◆ RECORDS SHOWN
####################
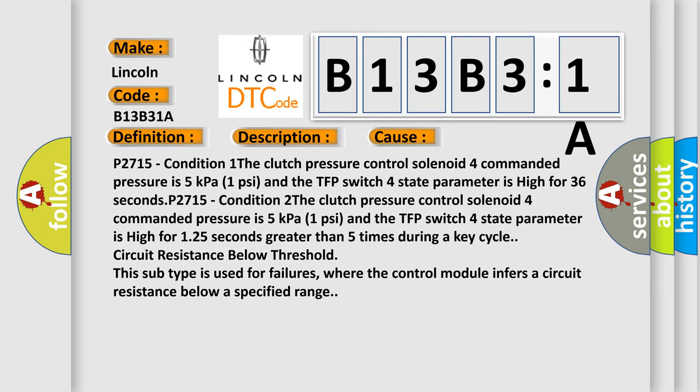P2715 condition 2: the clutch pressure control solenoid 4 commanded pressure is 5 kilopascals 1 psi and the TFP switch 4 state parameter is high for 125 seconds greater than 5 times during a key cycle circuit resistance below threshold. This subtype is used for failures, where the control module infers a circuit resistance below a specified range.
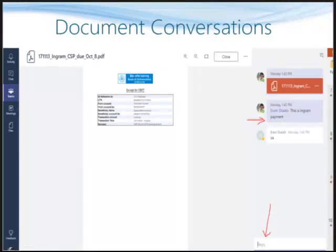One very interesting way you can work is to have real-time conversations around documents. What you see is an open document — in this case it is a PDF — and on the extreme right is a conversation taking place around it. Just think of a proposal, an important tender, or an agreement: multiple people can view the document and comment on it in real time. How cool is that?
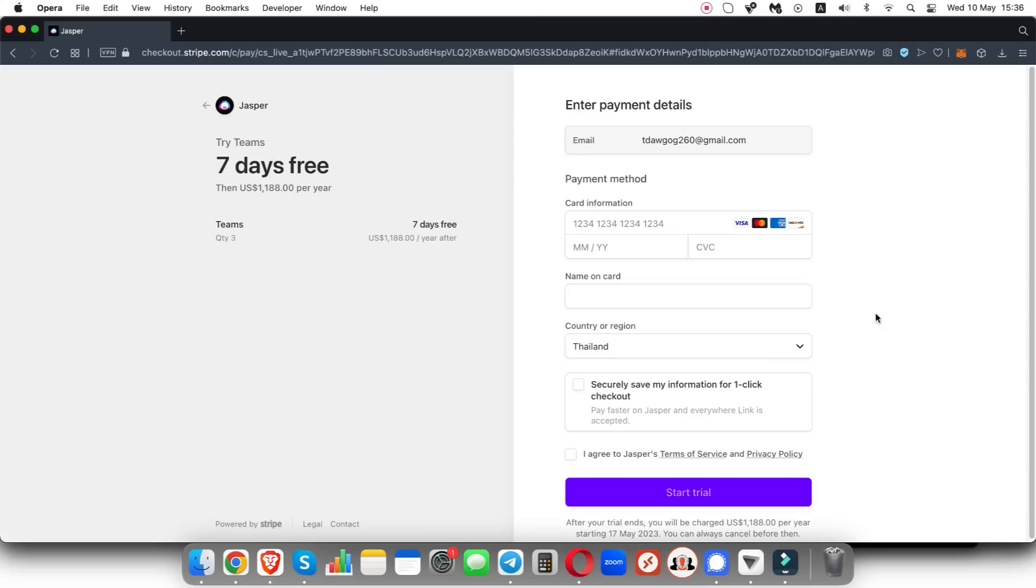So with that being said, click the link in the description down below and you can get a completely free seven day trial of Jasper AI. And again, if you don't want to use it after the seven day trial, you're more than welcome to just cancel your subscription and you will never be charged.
####################
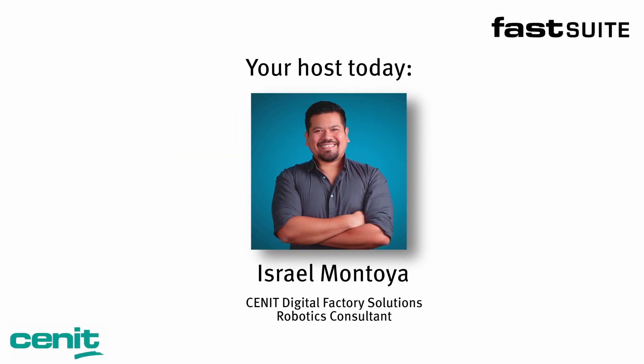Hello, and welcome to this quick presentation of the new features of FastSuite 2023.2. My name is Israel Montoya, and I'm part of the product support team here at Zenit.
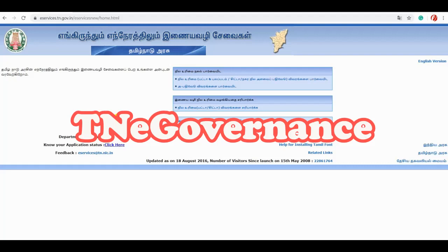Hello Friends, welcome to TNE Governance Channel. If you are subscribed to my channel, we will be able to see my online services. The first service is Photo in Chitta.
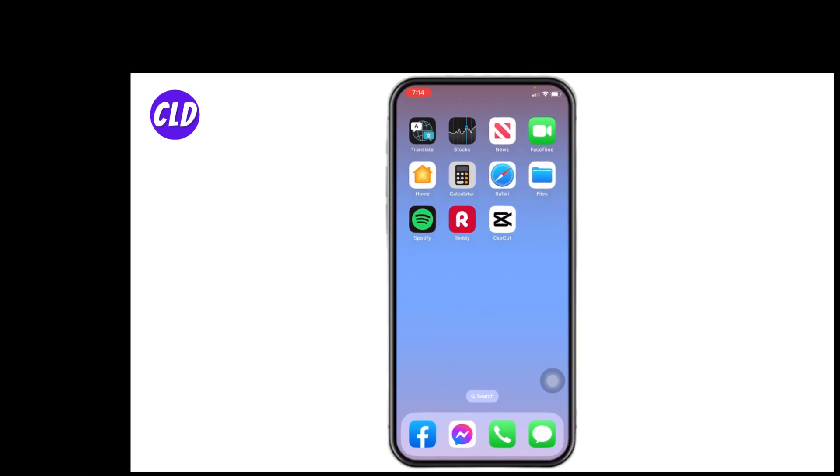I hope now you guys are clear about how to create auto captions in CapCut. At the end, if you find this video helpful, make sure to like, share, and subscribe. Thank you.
####################
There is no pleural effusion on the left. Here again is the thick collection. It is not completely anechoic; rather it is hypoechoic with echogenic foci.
####################
◆ WHAT THE TASK ASKS
What you write must match the listing exactly, from the line with "Hello, and welcome" up to and including the line with "I hope now you". Pictures stay out.

◆ SOLUTION
Hello, and welcome to this quick presentation of the new features of FastSuite 2023.2. My name is Israel Montoya, and I'm part of the product support team here at Zenit.
Hello Friends, welcome to TNE Governance Channel. If you are subscribed to my channel, we will be able to see my online services. The first service is Photo in Chitta.
I hope now you guys are clear about how to create auto captions in CapCut. At the end, if you find this video helpful, make sure to like, share, and subscribe. Thank you.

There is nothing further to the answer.